## What needs to be done
This exercise calls for an exact copy of the listing, with no pictures kept.

## Provided material
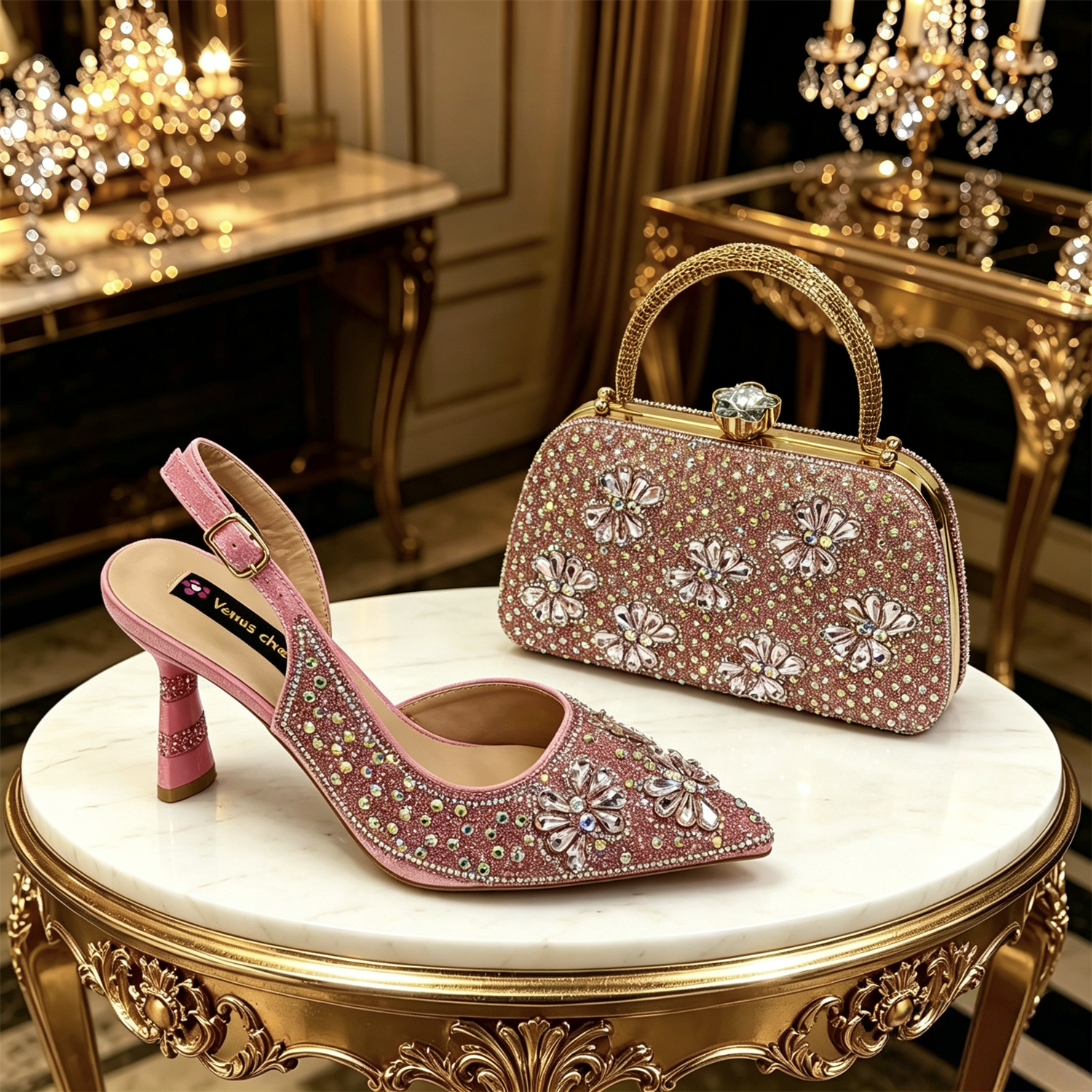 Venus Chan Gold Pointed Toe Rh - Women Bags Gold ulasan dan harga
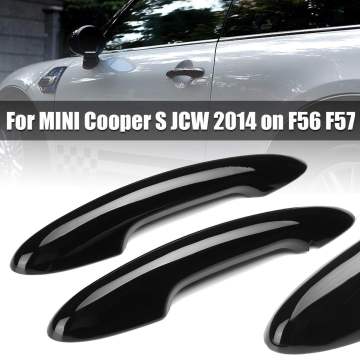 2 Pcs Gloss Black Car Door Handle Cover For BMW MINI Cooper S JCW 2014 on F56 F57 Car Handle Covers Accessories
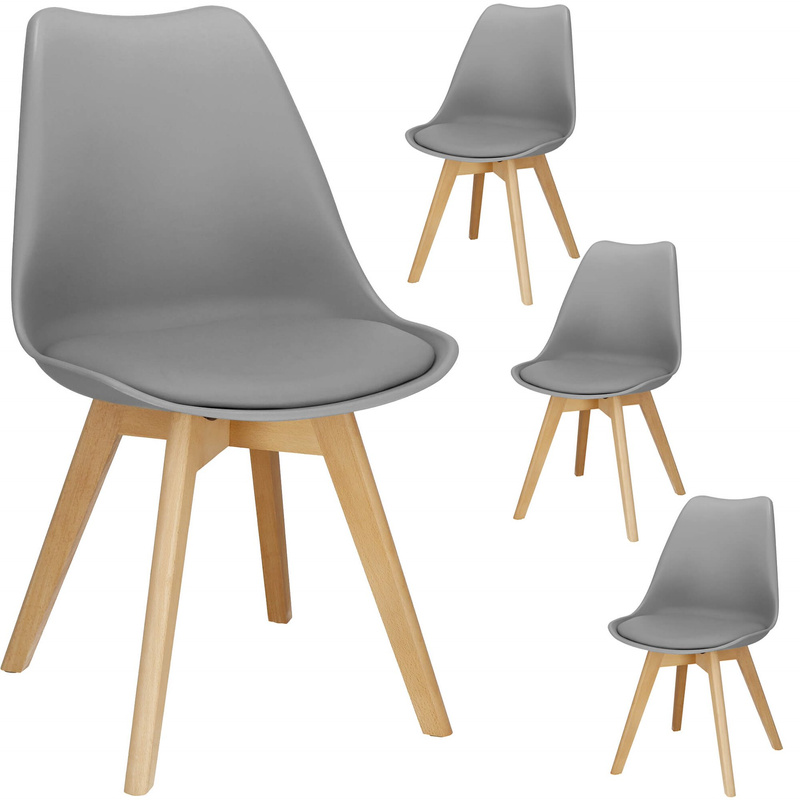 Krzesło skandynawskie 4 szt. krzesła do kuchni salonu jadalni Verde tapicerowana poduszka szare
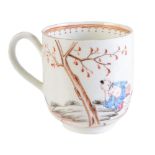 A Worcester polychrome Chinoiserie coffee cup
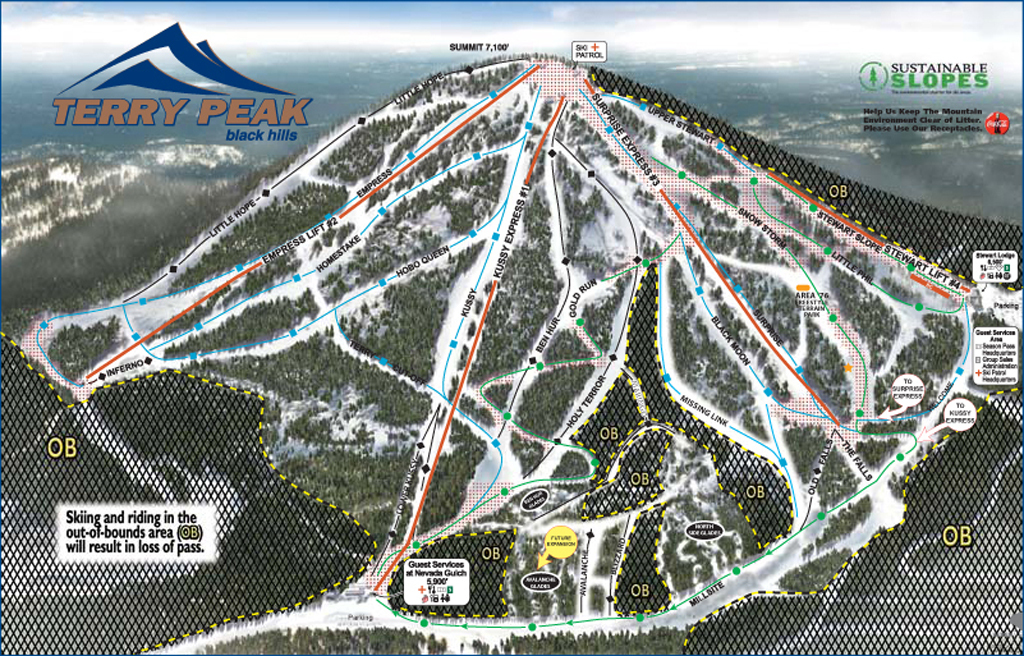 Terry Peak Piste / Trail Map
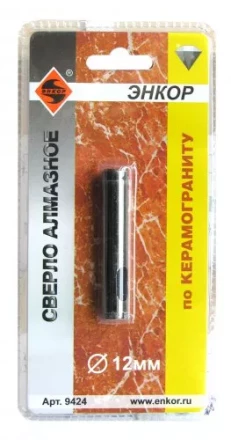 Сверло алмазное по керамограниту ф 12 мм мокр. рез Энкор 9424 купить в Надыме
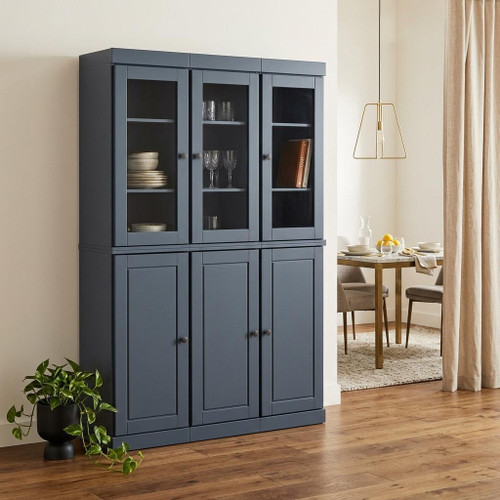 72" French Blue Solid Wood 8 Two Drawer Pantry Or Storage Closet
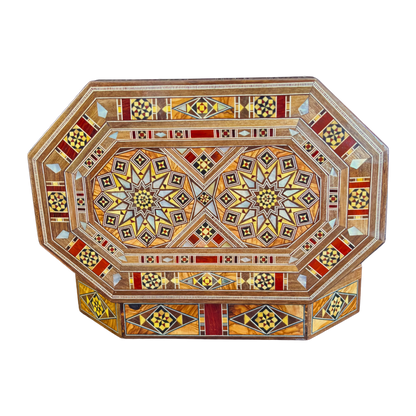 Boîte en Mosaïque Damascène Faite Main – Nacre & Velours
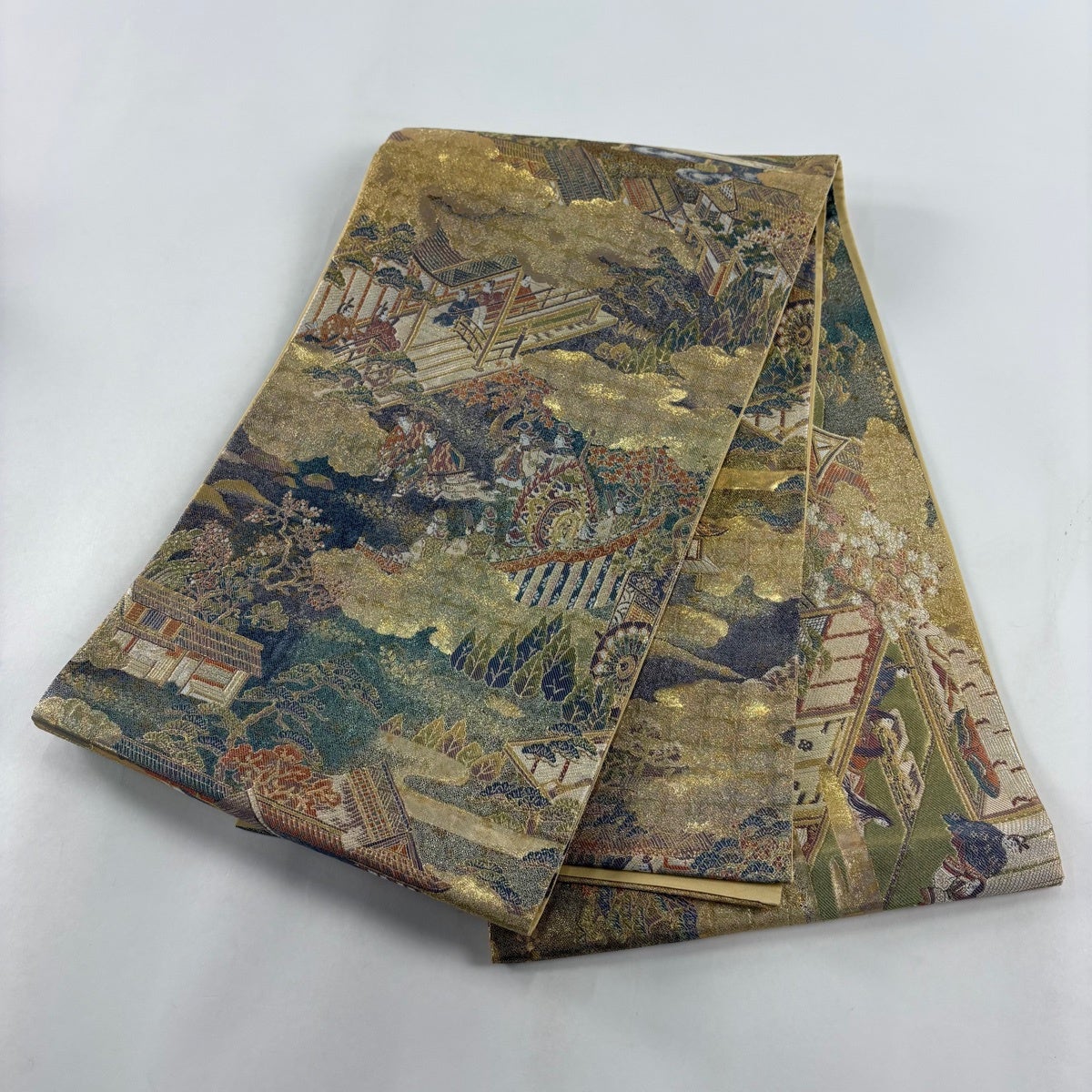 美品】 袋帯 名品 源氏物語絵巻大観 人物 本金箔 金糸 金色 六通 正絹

## Exercise result
 Venus Chan Gold Pointed Toe Rh - Women Bags Gold ulasan dan harga
 2 Pcs Gloss Black Car Door Handle Cover For BMW MINI Cooper S JCW 2014 on F56 F57 Car Handle Covers Accessories
 Krzesło skandynawskie 4 szt. krzesła do kuchni salonu jadalni Verde tapicerowana poduszka szare
 A Worcester polychrome Chinoiserie coffee cup
 Terry Peak Piste / Trail Map
 Сверло алмазное по керамограниту ф 12 мм мокр. рез Энкор 9424 купить в Надыме
 72" French Blue Solid Wood 8 Two Drawer Pantry Or Storage Closet
 Boîte en Mosaïque Damascène Faite Main – Nacre & Velours
 美品】 袋帯 名品 源氏物語絵巻大観 人物 本金箔 金糸 金色 六通 正絹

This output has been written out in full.